Situational variables are variables related to the environment in which the experiment is conducted. Background noise, temperature, illumination, etc. are examples. These must be controlled in order to avoid confounds and to reduce error variability. The typical way in which situational EV's are controlled is to hold them constant for all subjects. When this is not possible, then randomization and matching procedures can be employed to insure that situational EV's do not systematically vary with he IV(s). Actually, holding them constant is equivalent to matching, but only one level of the EV is involved. Situational variables must be controlled in all experimental designs.

Sequence variables can be a problem whenever a within manipulation is employed. Sequence effects were already described. There is no way to control sequence EV's that always works. One approach, counterbalancing, involves testing different subjects under every possible testing order. If there are two levels of the IV (1 and 2), then there are two possible testing orders: 1 first, then 2; 2 first then 1. As the number of levels increases, the number of possible testing orders does so dramatically. With three levels, there are six possible orders, and so on. In counterbalancing, a different group of subjects is tested under each order, thus the number of groups required can become quite large. With a large number of IV's and/or levels, incomplete counterbalancing is sometimes used. Instead of using all possible orders, a set of orders is selected to that each level of the IV(s) occurs equally often in each ordinal position. The result is a Latin square (or Greco-Latin square when there is more than one IV) design. Whenever counterbalancing is used, the experiment should be designed in such a way as to permit TESTING ORDER to be treated as an IV, so that any effect of testing order that might occur can be detected. If an order effect is present, it may be difficult to assess the effects of the other IV(s). Order of testing could be randomized, but if this is done, there is no way to even determine if order had an effect. In situations where sequence EV's are likely to be a problem, a between design is a better choice!

Single-Subject Designs. All of the designs described thus far employ groups of subjects. Designs involving single subjects were suggested by B.F. Skinner, who argued that the use of statistics to describe the performance of groups of subjects obscures the most important information, the behavior of the individual. For Skinner, he orderliness and lawfulness of behavior, with which we ought to be concerned, resides in the individual, not in the group.

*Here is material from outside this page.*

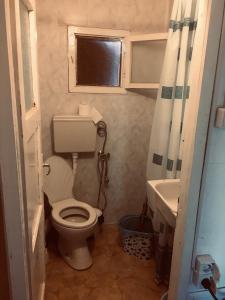 a small bathroom with a toilet and a sink at Бунгало- Bungalow in Kavarna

In single-subject experiments, an IV is imposed and removed, and its effect on some preestablished baseline behavior is observed. A within manipulation is therefore involved. Situational EV's must, of course, be controlled in order to insure that any observed changes in the behavior are indeed due to the manipulation of the IV. The single-subject design has been used extensively in studies of the effects of the consequences of a behavior (reinforcers and punishers) on its rate of occurrence (operant rate).

All experimental designs have in common the fact that they test difference hypotheses. They are used to determine if an IV causes a difference in a DV. Observed differences must be interpreted in terms of how well EV's were controlled, since it is the control of EV's, and thus the elimination of alternative explanations, that allow the researcher to conclude that the IV caused the difference.

Quasi-experimental designs are ones that approximate, but do not meet all of the requirements that define a true experiment. They also test difference hypotheses. There are two kinds of situations that give rise to quasi-experimental designs. The first involves IV's that cannot be manipulated. Gender is an example. We might want to test the hypothesis that male wolves are less aggressive than are females. To do so, we might observe all instances of aggression between wolves that occur during a three month period and note whether each was initiated by a male or a female. A difference between males and females might be discovered. Logically, initiation of aggression is the DV, and gender is the IV having two levels (male, female). But, since gender cannot be manipulated (subjects can only be assigned to groups on the basis of their gender), it is not a true IV. Variables of this sort are called pseudoindependent variables. The impact of this situation can easily be understood. It may be observed that males and females differ in initiation of aggression, that is, a reliable relationship between gender and initiation of aggression might be found. The two are correlated. But we cannot conclude that gender caused the observed difference. To be sure, something about females caused them to differ from males in initiating aggression, but the design does not reveal what! Whenever characteristics of subjects (gender, age, personality type, social status etc.) are used as IV's the design is quasi-experimental. Designs involving such variables are between designs. They are very common in psychology.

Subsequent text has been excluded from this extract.